◆ TO DO: When you write out the records, keep every word exact and drop the pictures.

◆ RECORDS FOR THE TASK:

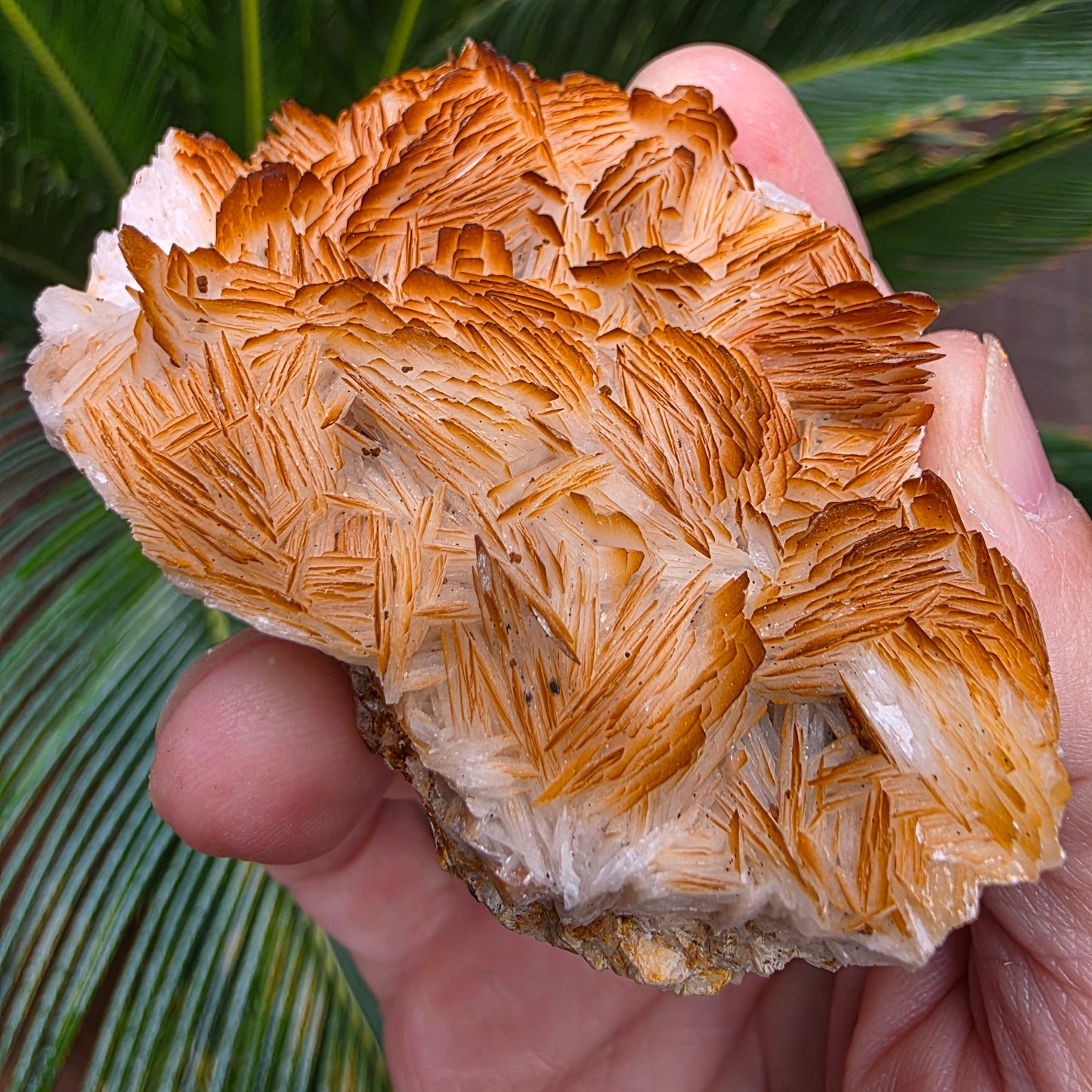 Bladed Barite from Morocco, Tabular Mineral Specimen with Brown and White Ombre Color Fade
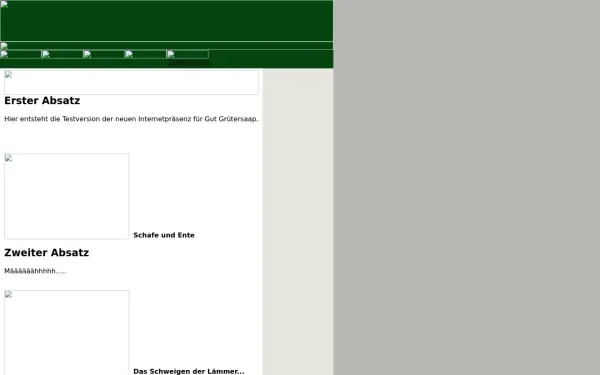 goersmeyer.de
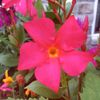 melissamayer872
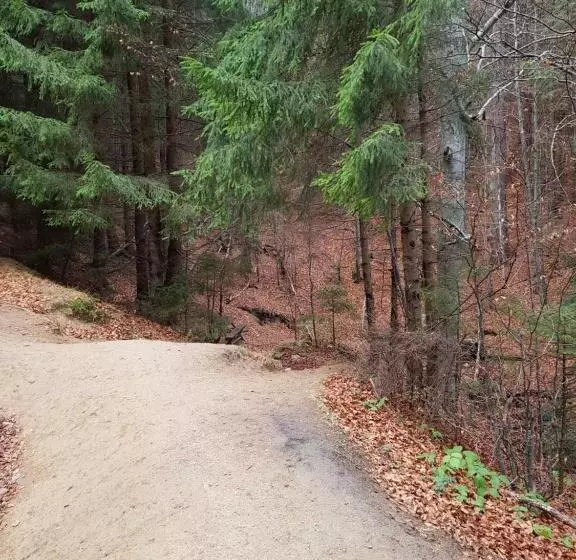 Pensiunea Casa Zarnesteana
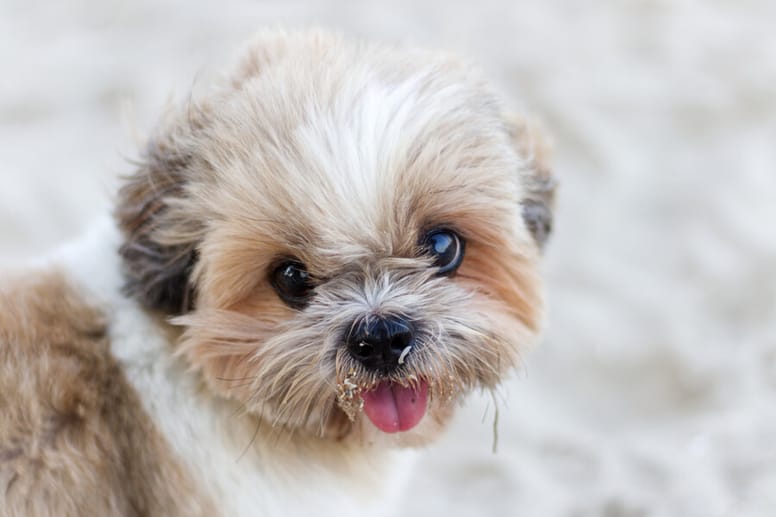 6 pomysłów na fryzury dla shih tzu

◆ EXERCISE ANSWER:
 Bladed Barite from Morocco, Tabular Mineral Specimen with Brown and White Ombre Color Fade
 goersmeyer.de
 melissamayer872
 Pensiunea Casa Zarnesteana
 6 pomysłów na fryzury dla shih tzu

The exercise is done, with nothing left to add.